Returning to Brazil, the difference between the government there and the government here is not a matter of kind but of degree. So it is for all governments in all times and places, which is why we can read about the rise and fall of the Roman Empire and find so many parallels with our own time. Measuring the degree of evil can be extremely tricky. Chomsky is right here: if we wish to decry evil in politics, our primary obligation is to focus on the state we know best, which is our own. In that sense my critics are right, from their point of view, and I’m right from mine.
At the same time, there is more to the task of liberty than hating and decrying the state. The other side of the coin is developing a genuine love of liberty, which implies a love of its most spectacular, people-serving feature: commerce.
Commerce keeps the world orderly and rational and free. It gives us drive and ratifies our efforts. It sparks imagination and defines its boundaries. It feeds the world, sustains and builds civilization, and unleashes the best in the human spirit. It keeps us materially connected and linked to our brothers and sisters across the globe. It makes possible, in our own time, beautiful worlds we could never dream up on our own.
Wherever there is liberty, there is commerce. And this commerce breaks down the barriers that the state erects between people. Commerce ignores borders, draws people together whom the state would like to see separated.

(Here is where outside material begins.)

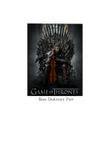 Game Of Thrones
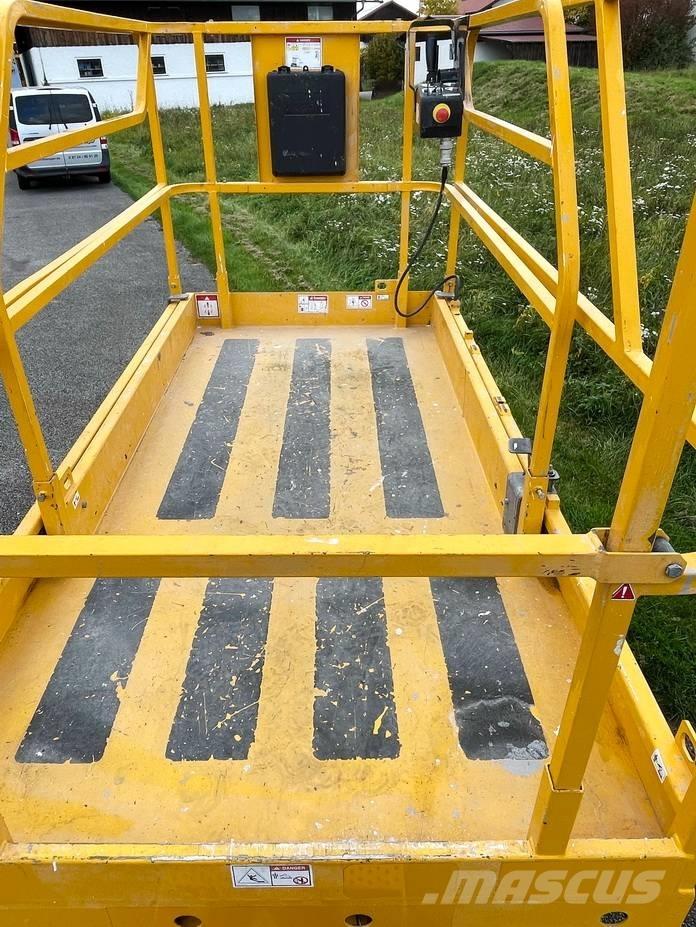 Haulotte Compact 10 Käärtõstukid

It always tends toward the service of human needs rather than civic priorities.
Without some liberty, however restricted it might be, and the commerce it sustains society would die in a matter of weeks. The state alone sustains nothing. This is why, when I travel, I’m very much drawn to finding and watching those sectors where liberty lives and observing the massive contribution it makes to the social order.
I take it for granted that the state is too big, invasive, and horrible — not just in Brazil, not just in the U.S., but absolutely everywhere. What’s really exciting is to see people finding the workaround and making lives for themselves, and that usually means some commercial activity that thrives despite every effort to kill it.
This is what I saw in so many beautiful ways in Brazil. To see liberty work is to see a model for building the future. This is why it is so inspiring to visit real markets, to see what people can do with investable wealth, to observe all the ways in which people manage to make good lives for themselves despite every obstacle.
This is the spirit of liberty. The great merit of the work of Mises Brasil is that it encourages intellectual change throughout society, building from the liberty that currently does exist toward a full-blown free society. This is the path of change. It requires that we see more than what is bad but also see what is good, and build from that.
Wendy McElroy’s forthcoming book from Laissez Faire Books is called The Art of Being Free. She raises a very profound question for serious libertarians. If the state went away, what would you be left with to give your life meaning? Find that thing and you will have found your North Star, the inspiration and driving force for building a vibrant and free future.
Hate the state, yes, but love liberty even more. Decry the thicket, yes, but then find the seed, plant it, and see the garden grow.